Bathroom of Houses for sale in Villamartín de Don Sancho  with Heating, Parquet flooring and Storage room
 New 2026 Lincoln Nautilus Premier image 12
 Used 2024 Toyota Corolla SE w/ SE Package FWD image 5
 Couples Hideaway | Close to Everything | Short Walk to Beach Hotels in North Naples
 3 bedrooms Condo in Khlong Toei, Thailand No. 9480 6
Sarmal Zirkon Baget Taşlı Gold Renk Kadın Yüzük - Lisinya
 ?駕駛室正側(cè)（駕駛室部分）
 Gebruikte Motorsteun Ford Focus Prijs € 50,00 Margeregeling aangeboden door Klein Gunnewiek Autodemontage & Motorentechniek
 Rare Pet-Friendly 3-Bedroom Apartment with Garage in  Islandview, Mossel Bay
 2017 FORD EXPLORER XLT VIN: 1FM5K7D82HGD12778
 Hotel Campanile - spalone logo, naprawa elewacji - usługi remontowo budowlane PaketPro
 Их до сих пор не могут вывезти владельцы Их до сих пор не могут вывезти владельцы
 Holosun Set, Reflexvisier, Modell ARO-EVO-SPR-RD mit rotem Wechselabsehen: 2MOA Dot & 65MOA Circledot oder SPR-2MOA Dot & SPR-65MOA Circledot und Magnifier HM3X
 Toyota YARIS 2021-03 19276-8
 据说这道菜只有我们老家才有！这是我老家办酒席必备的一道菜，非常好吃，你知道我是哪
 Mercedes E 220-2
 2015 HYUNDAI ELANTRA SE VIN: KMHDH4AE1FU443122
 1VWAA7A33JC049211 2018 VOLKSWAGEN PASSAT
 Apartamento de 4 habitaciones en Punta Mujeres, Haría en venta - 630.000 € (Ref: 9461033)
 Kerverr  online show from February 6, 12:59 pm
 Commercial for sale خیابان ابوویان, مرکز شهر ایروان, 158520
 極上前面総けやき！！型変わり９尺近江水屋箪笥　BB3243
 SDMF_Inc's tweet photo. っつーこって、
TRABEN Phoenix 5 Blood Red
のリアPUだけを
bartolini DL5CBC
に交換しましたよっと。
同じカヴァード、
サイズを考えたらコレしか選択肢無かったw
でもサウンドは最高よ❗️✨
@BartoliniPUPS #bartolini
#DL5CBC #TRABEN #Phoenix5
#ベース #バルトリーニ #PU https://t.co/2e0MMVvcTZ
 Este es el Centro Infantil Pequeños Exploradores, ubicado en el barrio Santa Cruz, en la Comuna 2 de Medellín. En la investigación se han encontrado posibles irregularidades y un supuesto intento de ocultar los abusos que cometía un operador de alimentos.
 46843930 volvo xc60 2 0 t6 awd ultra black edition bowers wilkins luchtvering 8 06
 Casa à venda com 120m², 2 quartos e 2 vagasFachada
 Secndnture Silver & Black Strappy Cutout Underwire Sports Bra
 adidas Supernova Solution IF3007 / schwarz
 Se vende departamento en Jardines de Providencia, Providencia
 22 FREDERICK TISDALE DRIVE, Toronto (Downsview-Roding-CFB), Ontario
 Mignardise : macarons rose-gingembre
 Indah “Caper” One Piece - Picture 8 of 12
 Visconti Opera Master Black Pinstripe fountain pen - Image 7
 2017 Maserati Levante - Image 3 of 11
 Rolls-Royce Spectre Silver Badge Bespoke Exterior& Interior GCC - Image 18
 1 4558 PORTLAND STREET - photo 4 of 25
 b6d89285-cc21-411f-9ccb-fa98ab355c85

....

§ **WHAT IS NEEDED**:
Could you return, word for word, only the lines running from the first line of the material above to the line that contains "Holosun Set, Reflexvisier, Modell", inclusive?

§ **RESPONSE**:
Bathroom of Houses for sale in Villamartín de Don Sancho  with Heating, Parquet flooring and Storage room
 New 2026 Lincoln Nautilus Premier image 12
 Used 2024 Toyota Corolla SE w/ SE Package FWD image 5
 Couples Hideaway | Close to Everything | Short Walk to Beach Hotels in North Naples
 3 bedrooms Condo in Khlong Toei, Thailand No. 9480 6
Sarmal Zirkon Baget Taşlı Gold Renk Kadın Yüzük - Lisinya
 ?駕駛室正側(cè)（駕駛室部分）
 Gebruikte Motorsteun Ford Focus Prijs € 50,00 Margeregeling aangeboden door Klein Gunnewiek Autodemontage & Motorentechniek
 Rare Pet-Friendly 3-Bedroom Apartment with Garage in  Islandview, Mossel Bay
 2017 FORD EXPLORER XLT VIN: 1FM5K7D82HGD12778
 Hotel Campanile - spalone logo, naprawa elewacji - usługi remontowo budowlane PaketPro
 Их до сих пор не могут вывезти владельцы Их до сих пор не могут вывезти владельцы
 Holosun Set, Reflexvisier, Modell ARO-EVO-SPR-RD mit rotem Wechselabsehen: 2MOA Dot & 65MOA Circledot oder SPR-2MOA Dot & SPR-65MOA Circledot und Magnifier HM3X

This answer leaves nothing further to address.